Other Directorships & Interlocks
| Company/Body | Role | Interlock/Notes |
|---|---|---|
| Loral Space & Communications Inc. | Director (prior) | No disclosed VSAT interlocks from FY2025; none noted in Compensation Committee interlocks section |
| Cogent, Inc.; SM&A Corporation; SI International, Inc. | Director (prior) | No disclosed VSAT interlocks from FY2025; none noted |
| FAA; CIA; NSA; U.S. Strategic Command | Advisory/Chair roles (prior) | Government advisory roles; not VSAT-related party transactions disclosed in excerpts |
Compensation Committee Interlocks: None of the Compensation Committee members (including Stenbit) have ever been VSAT officers or employees; no reciprocal interlocks with other entities’ boards/compensation committees in FY2025.
Expertise & Qualifications
- Technological, defense, and national security expertise from senior DoD roles and TRW EVP experience.
- Fellowships underscore technical credentials (Fulbright; Aerospace Corporation Fellow).
- Board provides risk oversight across finance, compensation, governance and audit; Audit Committee report signed by Stenbit as Chair in the prior year.
Equity Ownership
| Item | Amount | Detail |
|---|---|---|
| Total beneficial ownership | 47,400 shares | Less than 1% of outstanding |
| Percent of shares outstanding | <1% | As disclosed (*) |
| Options exercisable within 60 days (as of July 1, 2025) | 20,000 | Included in beneficial count per SEC rules |
| Options outstanding (FY2025 year-end) | 30,000 | Aggregate options held at year-end |
| Shares held via trust | 27,400 | Pietje 2012 Gift Trust |
| RSUs outstanding (FY2025 year-end) | 1,600 | Director RSU balance |
| Hedging/Pledging | None disclosed for Stenbit | Company prohibits hedging; pledging discouraged and requires pre-clearance; Stenbit footnote shows no pledged shares (contrast: Dankberg footnote includes pledged shares) |
| Ownership guidelines | 3x annual retainer within 5 years | All non-employee directors in compliance as of FY2025 year-end |
Governance Assessment
- Independence and roles: Stenbit is an independent director, serving as Audit Chair and on Compensation and Nominating—positions central to financial reporting integrity, pay governance, and board refreshment.
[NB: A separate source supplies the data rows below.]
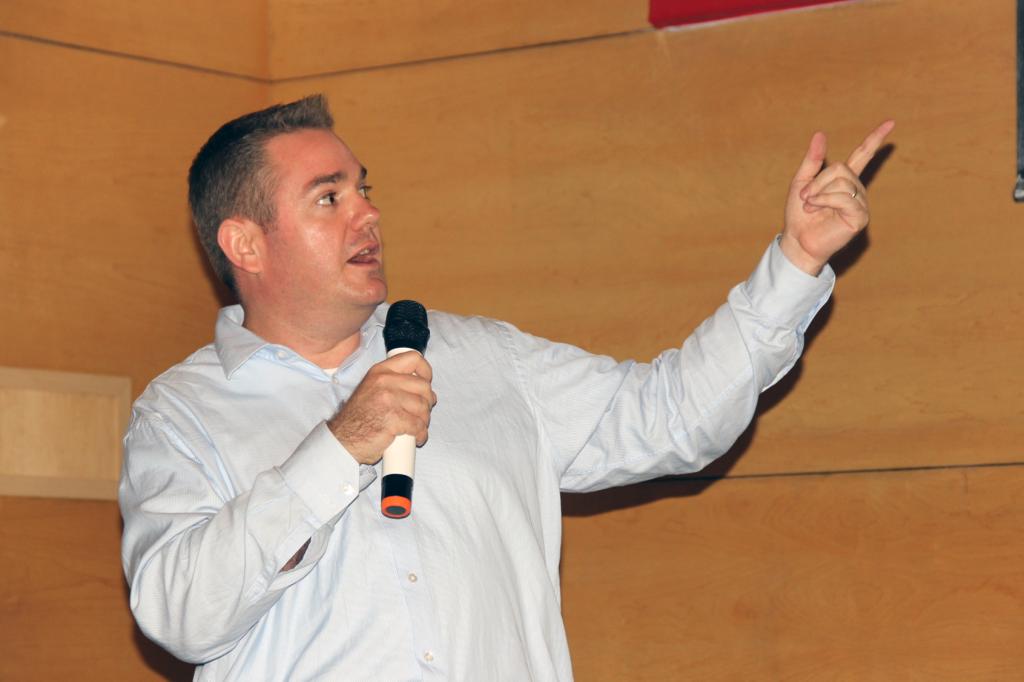 伊恩.斯通老师与英语教师们开展交流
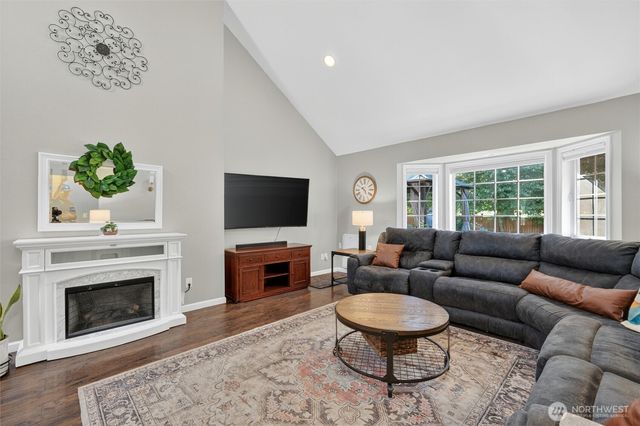 6898 Golf View Drive, Lynden, WA 98264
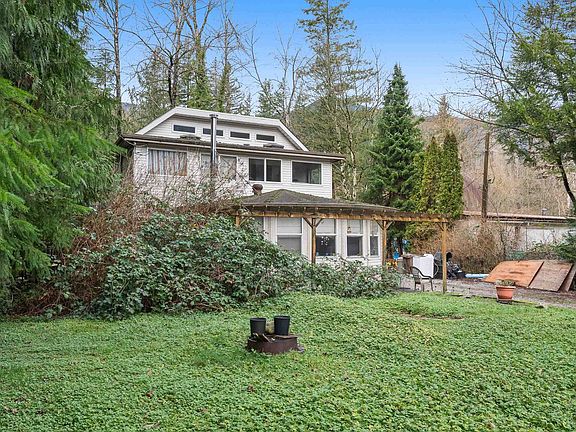 4th image of 43739 Loch Rd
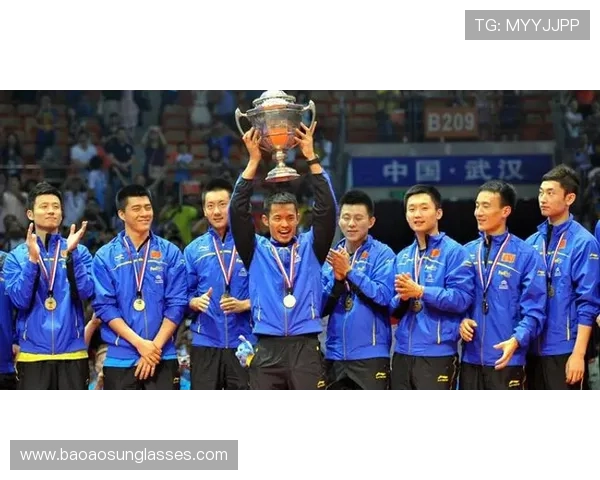 成都羽毛球队在联合会杯积分榜中以62分稳居第一名展现强劲实力 成都羽毛球队在联合会杯积分榜中以62分稳居第一名展现强劲实力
Attendance thresholds were met, and annual meeting attendance was universal—positive engagement signals.
- Compensation alignment: Cash fees reflect committee leadership; equity is time-based RSUs/options with vesting aligned to annual meeting cadence and change-in-control protection. Absence of performance-linked equity for directors modestly weakens pay-for-performance linkage but is consistent with peer practice.
- Ownership alignment: Beneficial ownership is modest (<1%), but director ownership guidelines (3x retainer) are met for all non-employee directors, supporting alignment. No hedging and no pledging disclosed for Stenbit, reducing misalignment risk.
- Committee effectiveness: Audit Committee features members designated as financial experts; Stenbit authored/signed Audit Committee reports previously, indicating active oversight. Compensation Committee interlocks—none reported—mitigate conflict risk.
- Potential conflicts and related-party exposure: Stenbit is a consultant for various government/commercial clients—a potential perception risk given VSAT’s government business—but no related-person transactions involving Stenbit are disclosed in the provided proxy excerpts; related-party transaction review is overseen by independent directors.
- RED FLAGS: None specific to Stenbit identified in proxy excerpts. Noted company-wide policies restrict hedging/pledging; late Section 16 filings were reported for other individuals, not Stenbit.
Overall signal: Long-tenured, independent audit chair with deep national security/communications expertise; solid attendance and ownership guideline compliance. Compensation structure is standard for directors (cash retainer plus time-based equity), with no disclosed conflicts or pledging—supportive of investor confidence.